4. Esta celebración nos invita a reflexionar en nuestras raíces. La historia no es una suma de momentos, sino un devenir de acontecimientos relacionados entre sí. Todos sentimos en nuestro interior las resonancias, aunque sean remotas, de la fe, de la cultura y de la sensibilidad de generaciones y generaciones. Todos estamos llamados a transmitir algo a las generaciones futuras.

Al repasar la historia de los armenios, como de otros pueblos cristianos, no podemos dejar de notar que la fe cristiana ha marcado las fibras más íntimas de su sentir común. El mismo alfabeto armenio nació también para dar voz y difundir el Evangelio, para traducir la Biblia, la liturgia y los escritos de los Padres en la fe. El arte, la vida social y familiar, e incluso las instituciones públicas han encontrado en la fe en Cristo un punto de referencia seguro.

En el mundo moderno, al aumentar cada vez más la influencia de la secularización, a menudo resulta difícil seguir manteniendo firme este patrimonio espiritual que ha hecho de vuestra nación una nación "cristiana".

A veces la fe es considerada únicamente como don y búsqueda personal, y no también como pertenencia común de un pueblo. ¿Cómo lograr que las conquistas sociales de la modernidad no hagan perder la riqueza de la continuidad de un pueblo y de su fe? Este es el compromiso que la celebración de hoy nos impulsa a profundizar.

5. "Iluminación" fue llamado el anuncio del Evangelio, e "Iluminador" fue denominado Gregorio, el gran santo que hizo de los armenios un pueblo cristiano.
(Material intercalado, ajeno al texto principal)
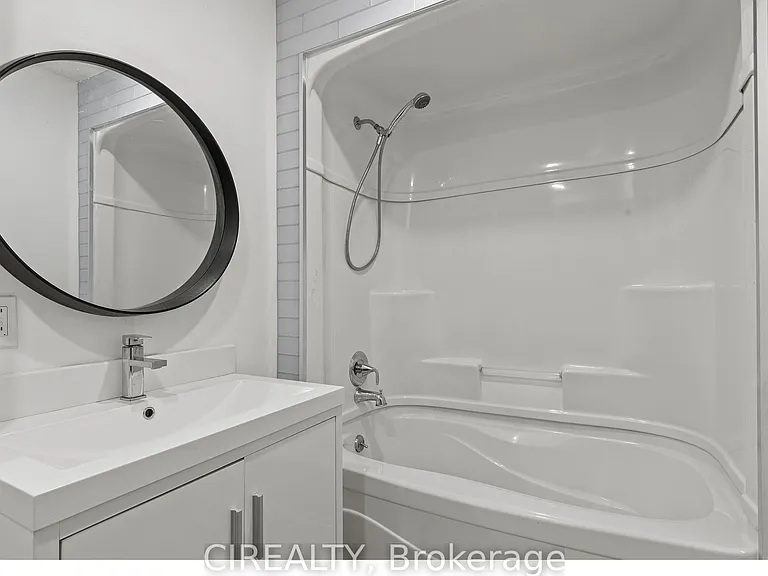 14 Elmwood Ave — Photo 11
Elevemos a Dios una acción de gracias común por esta iluminación a través de Cristo, Luz del mundo. Luz que las tinieblas no pudieron ahogar, ni siquiera durante los años oscuros del ateísmo militante.

En esta misma basílica, corazón de la cristiandad, hace poco tuve la alegría de entregar a Su Santidad Karekin II, Catholicós de todos los armenios, una insigne reliquia del santo Iluminador.
Realizaré hoy el mismo gesto con el patriarca Nerses Bedros XIX. Las reliquias de este santo, presentes entre católicos y apostólicos, son el símbolo de una estrecha unidad de fe, y dan un fuerte impulso a la unidad en Cristo. Estoy convencido de que, veneradas por el pueblo armenio sin distinción, harán crecer la comunión que Cristo quiere para su Iglesia. De este modo, la fraternidad se fortalecerá en la caridad. No dividamos las reliquias, sino trabajemos y oremos para que se unan quienes las reciben. Que las mismas raíces y la continuidad de una historia de santos y mártires preparen para vuestro pueblo un futuro de plena participación y de comunión visible de la fe en el mismo Señor.

Amadísimos hermanos y hermanas, este es un compromiso que debéis cumplir siempre con fidelidad y valentía. Que os sostenga la intercesión celestial de los numerosos compatriotas vuestros, que, en los períodos oscuros de la persecución, pagaron con la sangre su fidelidad al Señor. Pienso sobre todo en tantas madres y abuelas que, cuando la Iglesia se veía obligada a callar, "iluminaban" a sus seres queridos con la Palabra que salva y con los ejemplos de vida cristiana.

6. Queridos hermanos y hermanas, he podido conocer al pueblo armenio desde los años de mi juventud, y albergo el gran deseo de ir como peregrino de esperanza y de unidad a vuestra patria. Ya quise realizar esta visita en el pasado, aunque sólo fuera para dar el último adiós a mi amado hermano el Catholicós Karekin I, pero el Señor tenía otros planes.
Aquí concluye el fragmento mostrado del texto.